Editorial
EU Commission pinpoints six challenges
Just before STMicroelectronics announced plans to cut its workforce at the Malta plant, the Prime Minister and his colleagues were striking high notes, emphasising that the islands' economy was still holding its own in the face of the turmoil hitting so many countries today. However much some may now downplay the likely impact of the planned job cuts at ST, the shockwaves of the recession are already reaching the islands' shores, with employer organisations calling for quick government action to ease the impact.
As if this were not enough, a new European Commission report is flashing red lights in a number of areas in the islands' economic reform programme.
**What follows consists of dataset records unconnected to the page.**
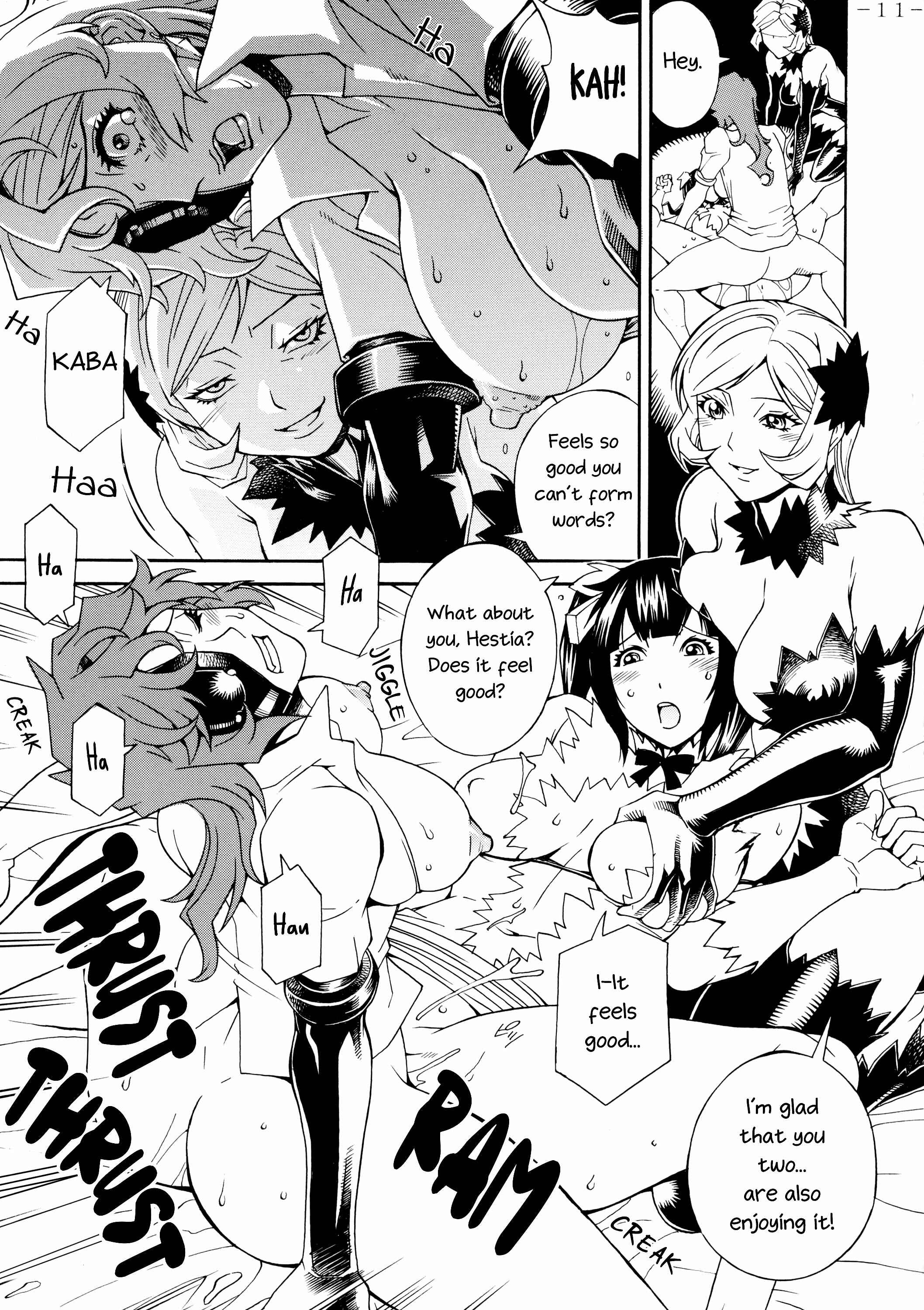 Page 11 Chapter Unknown_32b0 Dungeon ni Deai o Motomeru no wa Machigatte Iru Darou ka - Dick Rule (Doujinshi)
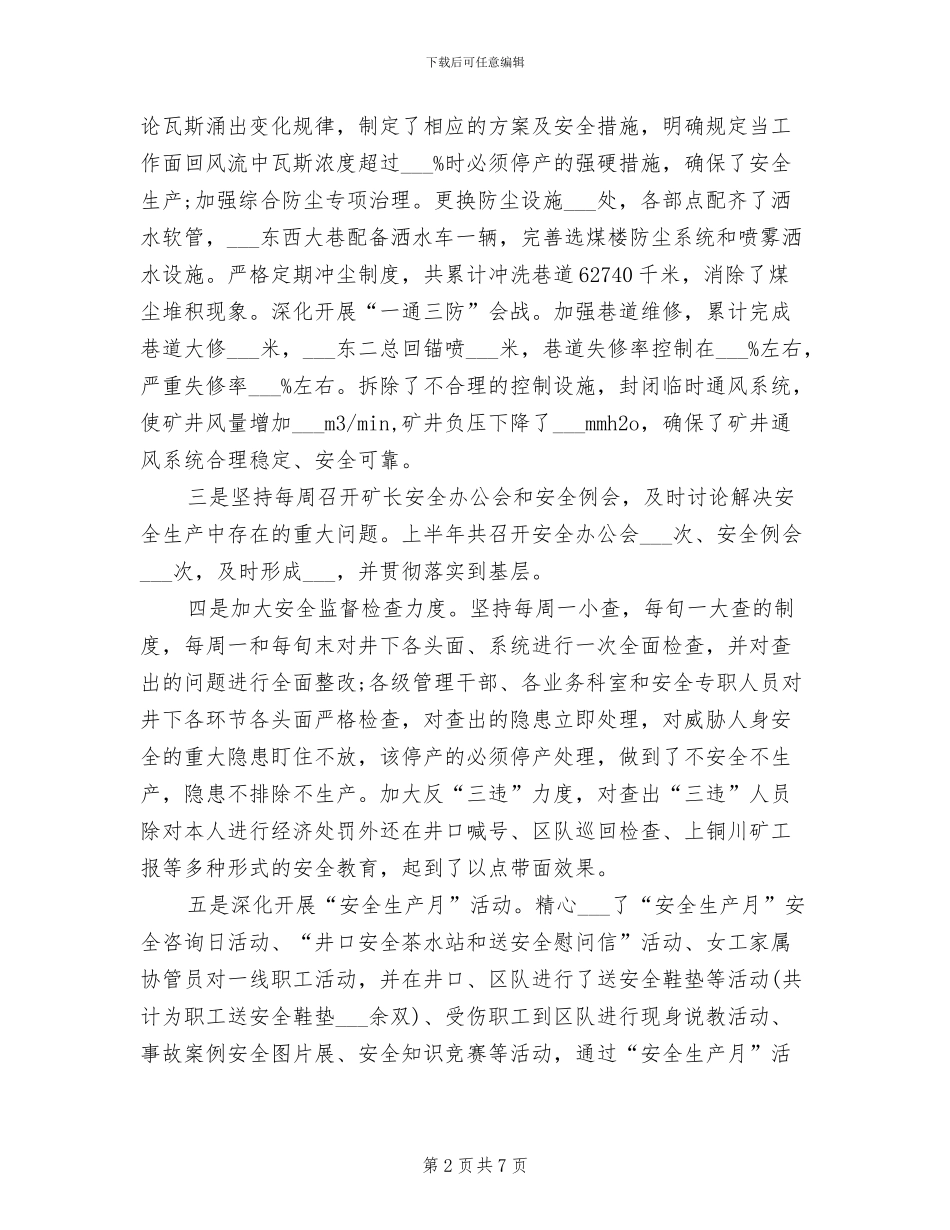 2024年煤矿上半年工作个人工作总结范文_第2页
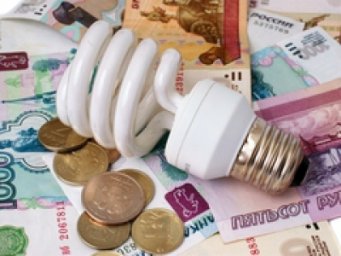 ​В первом полугодии 2020 года тарифы на электроэнергию останутся прежними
The problems may not be altogether new but, taken together with the measures the government is being called upon to take to meet the impact of the recession, they present a formidable task.
Giving an overview of the progress made in the national reform programme, the Commission starts off with some compliments, saying, for instance, that the programme "shows ambition in addressing Malta's challenges and demonstrates a good level of synergy and policy integration". The Commission adds that, given the ambitious plans, it seems more necessary to link these visions to the current situation, to give detailed timelines and quantitative targets for implementation and to develop clear monitoring and eventual tools.
From then on, the language becomes more direct. Paraphrased, it feels there ought to be greater consultation; the proposed healthcare reform measures seem inadequate; and there is also need for greater control mechanisms to restrict growth in spending. It pinpoints six challenges for Malta: fiscal consolidation, healthcare reform, regulatory environment, diversification of energy dependence; educational attainment and early school leaving; and lifelong learning.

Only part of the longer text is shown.